The need for video calls and screen sharing has really ramped up as the coronavirus pandemic has spread around the world. Sometimes it’s easy enough to troubleshoot with a call or text when you aren’t nearby, but it’s often helpful to see what’s happening on-screen and also have some remote control access. Follow along for a look at how to screen share with iPhone, iPad, Mac, and more to help coworkers, friends, and family with tech support more efficiently.

In this post, we’ll also look at how to use remote control for Macs, iPhones, and iPads to help others, including with third-party software.

Screen sharing with iOS devices including remote control

Apple hasn’t baked remote control and screen sharing into iOS yet, but there are a couple of good free third-party choices that offer the functionality (native pseudo-solutions discussed below).

Skype

Skype may be the friendliest third-party option to screen share with iOS and it has much more privacy and security integrity than Zoom.

You won’t get remote control here but it’s a great cross-platform option to screen share to help others. Skype is a free download from the App Store.

TeamViewer

TeamViewer is one of the few third-party software options for screen sharing with Apple devices that can do remote control, but to get that functionality you’ll need a paid plan.

screen share iPhone iPad Mac

Zoom


Update 3/31: One thing to keep in mind if a high level of security is important, it was just discovered that even though Zoom claims to use end-to-end encryption, it’s actually not the case for its service. Although fixed since coming to light, we’ve also seen some other privacy issues.

Update 4/1: Two serious new Zoom flaws have been discovered. If you decide to still use Zoom, please understand the risks

Update 4/2: For what it’s worth, Zoom has issued an apology for its privacy and security gaffes, patched the two most recent Mac bugs, and laid out a plan for the next 90 days to improve the service.


Zoom has surged in popularity for its robust video call functionality, but it can also be used to screen share from and to macOS, iOS, and more.

The remote control option is limited to Mac and iPad for Zoom.

iOS and macOS native options

If you don’t want the person you’re helping set up with TeamViewer or Zoom, here are some less fully featured but still workable options:

FaceTime

Instead of struggling through a phone call, a good option is to have the other person take a FaceTime call on a secondary iOS device, and point it toward the device they are struggling with.

Even though this doesn’t allow you to control their device, it quickly allows you to see what’s going wrong. It’s also useful to see how the person needs to adjust how they’re trying to navigate, tap, interact, etc. with their device.

screen share iPhone iPad Mac

iOS Screen Recording

If you can’t make a FaceTime call work, have the user in need take an iOS screen recording and share it.

This approach makes it easy to troubleshoot for your friends and family whenever you have time to text or call them back with a solution.

screen share iPhone iPad Mac

Mac to Mac Screen Sharing

Providing support to others can be easiest when you can take control of their device. This is an option with Mac to Mac screen sharing, or you can also share your screen instead of seeing theirs.

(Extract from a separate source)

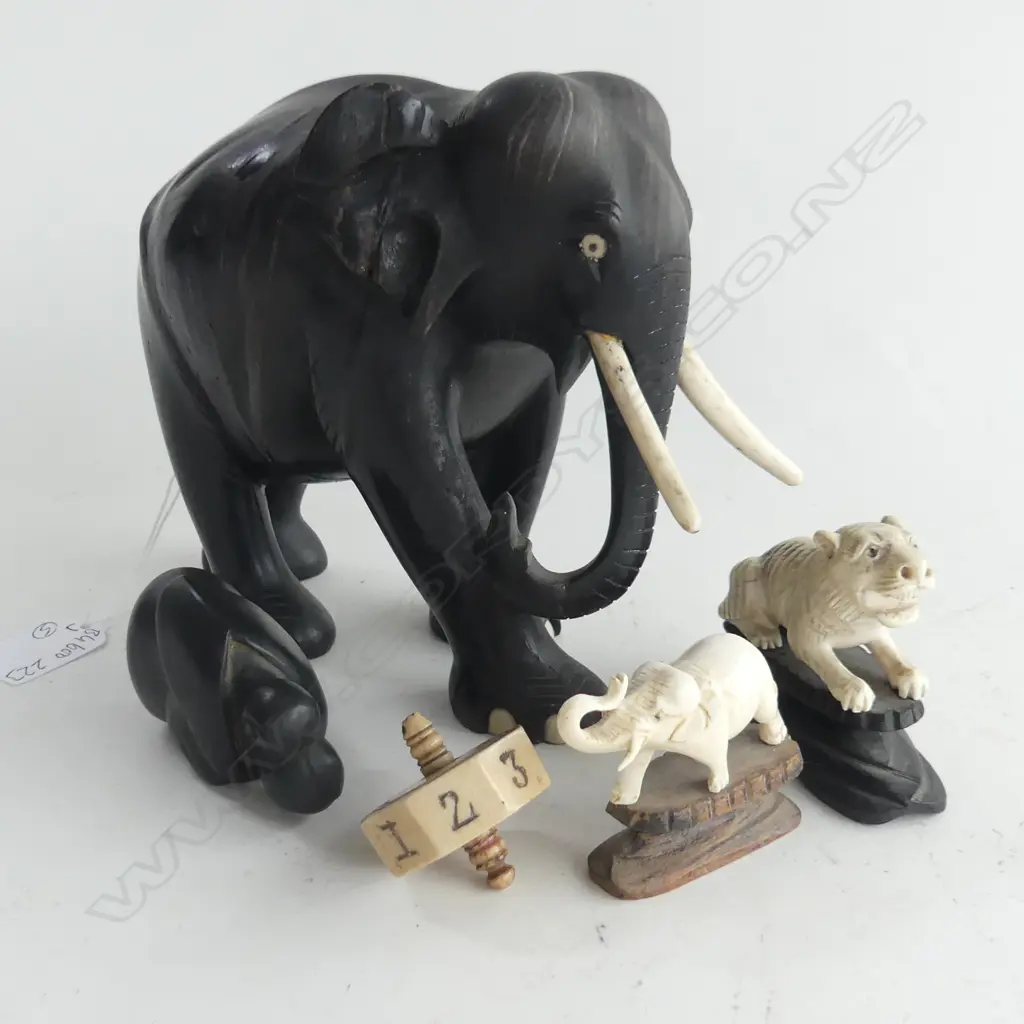 5 ITEMS EBONY ELEPHANT H. 150mm + ELEPHANT AND TIGER ON STAND + CARVED STONE MOTHER & CHILD + BONE SPINNER Image 1++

To do this, make sure the “Screen Sharing” box is checked in System Preferences → Sharing. Also, if the Apple ID they use for iCloud and Messages on Mac isn’t the same, you’ll need to have both emails on their contact card.

Here are two ways to start screen sharing on Mac:

Do a Spotlight search for “Screen Sharing” and launch it.

screen share iPhone iPad Mac

You’ll then see a dialog box with the option to enter the Apple ID of the person you’d like to screen share with.

screen share iPhone iPad Mac

On the receiving end, they’ll see this invitation.

screen share iPhone iPad Mac

Make sure they select Control my screen.

The alternate way to start screen sharing is through Messages on macOS.

  1. Click Details in the top right corner of the message (shown below)
  2. Click the icon with two rectangles.
  3. Select Invite to share my screen or Ask to share screen.

Once you are connected, a FaceTime voice call will also automatically initiate and you’ll see everything on their screen.

Another useful trick is to open QuickTime Player and start a screen recording (File → New Screen Recording) so they can revisit the guidance anytime they want.

When you’re ready to end the session, click Screen Sharing next to the  in the menu bar and select Quit Screen Sharing.

Screen share an iOS device using a Mac

This is a fun, modified use of a developer feature that Apple built into QuickTime Player in 2014. When you use the Screen Sharing Mac app with this screen casting feature, you can see everything happening on an iOS device as long as both parties have Macs.

  1. Start a Mac screen-sharing session.
  2. Have the person you’re helping plug in their iOS device via USB cable to the Mac that they are screen sharing with.
  3. Have them launch QuickTime Player and click File → New Movie Recording.

Once the movie window opens, select the drop-down arrow next to the record icon and click the iOS device you’d like to see, then click record.

Here is a snapshot of what you’ll see on their Mac as you screen share.

After you’ve solved all their issues, you can even help them save the footage so they can review it later as needed.